Kapolresta Tangerang Kombes Pol Andi Muhammad Indra Waspada Amirullah mengatakan, personelnya sudah ditugaskan untuk membantu pengamanan kawasan yang ditinggalkan warga mengungsi akibat sebaran asap. Langkah tersebut dilakukan guna mengantisipasi terjadinya tindak kriminalitas, seperti pencurian rumah kosong maupun gangguan keamanan lainnya.
"Pastikan rumah-rumah warga yang ditinggalkan tetap dalam kondisi aman,” ujarnya, Jumat 3 Juli 2026.
Menurutnya, kehadiran Polri tidak hanya untuk membantu pengamanan lokasi kebakaran, tetapi juga memberikan rasa aman kepada masyarakat yang terdampak.
“Keselamatan warga adalah prioritas utama, sehingga setiap personel harus menjalankan tugas dengan penuh tanggung jawab dan mengutamakan keselamatan diri," kata Indra Waspada.
Orang nomor satu di Polresta Tangerang ini juga menginstruksikan seluruh personel untuk selalu menggunakan alat pelindung diri, terutama masker.
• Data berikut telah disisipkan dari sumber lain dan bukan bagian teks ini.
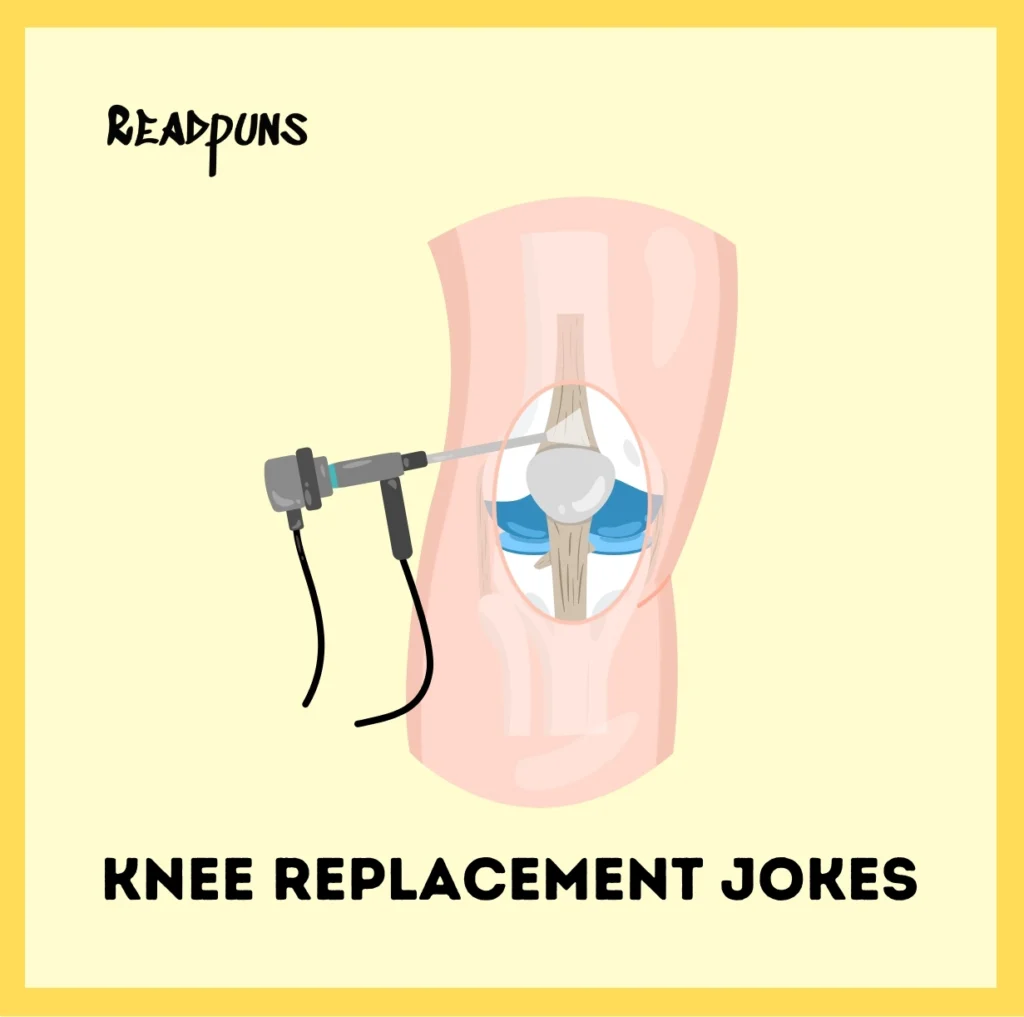 Knee Replacement Jokes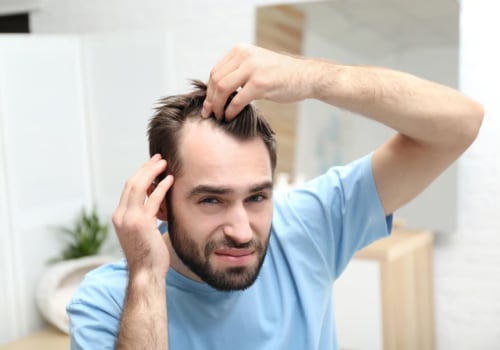 Genetics and Male Pattern Baldness: Understanding the Causes and Risks
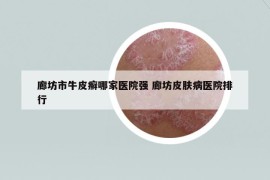 廊坊市牛皮癣哪家医院强 廊坊皮肤病医院排行
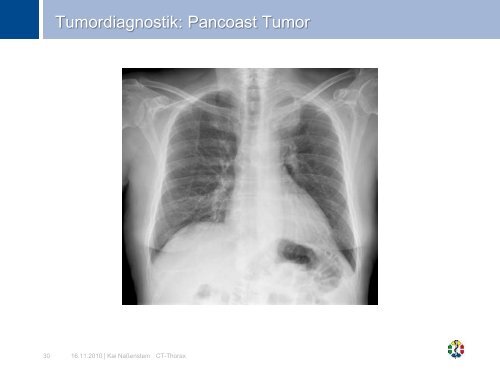 CT Thorax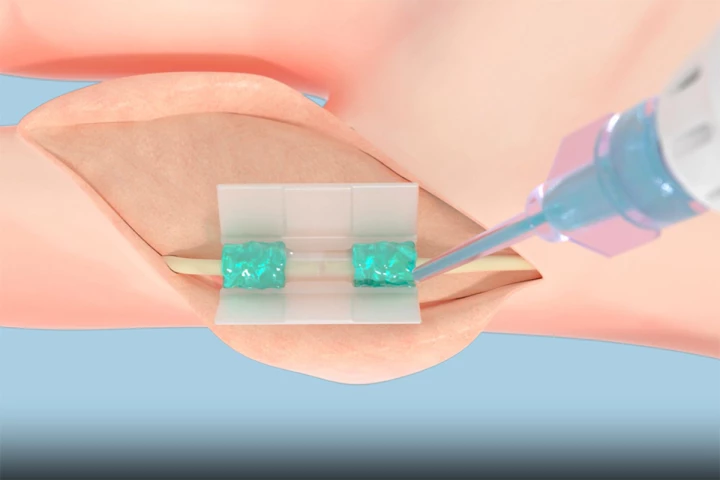 Tissium's biocompatible polymers (the blue, gel-like substance in this rendering) that conform to tissues and a 3D-printed chamber (clear tube at center) surrounding a nerve in a finger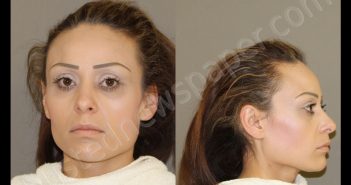 <B>REZA</B>, <B>JESSICA</B> <B>RENEE</B> #, Denton County, Texas - 2020-03-10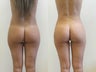 Brazilian butt lift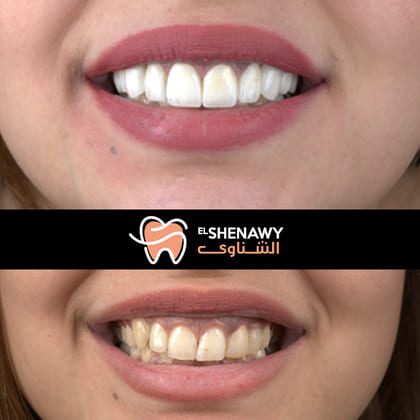 تجميل الأسنان الأمامية بدون تقويم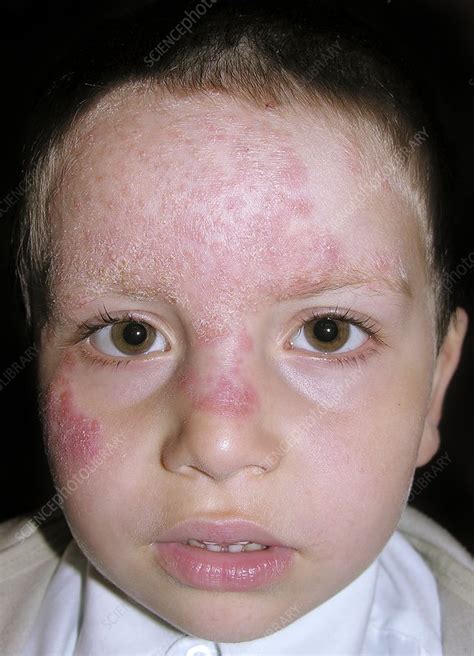 Tinea fungal infection on the face - Stock Image - C014/2548 - Science Photo Library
Hal tersebut mengingat asap tebal dari kebakaran TPA berpotensi mengganggu kesehatan. Selain itu, personel juga diminta membatasi paparan asap secara langsung serta memperhatikan kondisi fisik selama bertugas di lapangan.
Indra Waspada juga meminta personel aktif membantu kelancaran mobilitas kendaraan operasional pemadam kebakaran, alat berat, maupun kendaraan logistik. Hal itu agar proses penanganan kebakaran tidak mengalami hambatan.
“Masyarakat juga diimbau untuk tidak mendekati titik kebakaran demi menghindari risiko akibat panas, asap pekat, maupun aktivitas alat berat,” terangnya.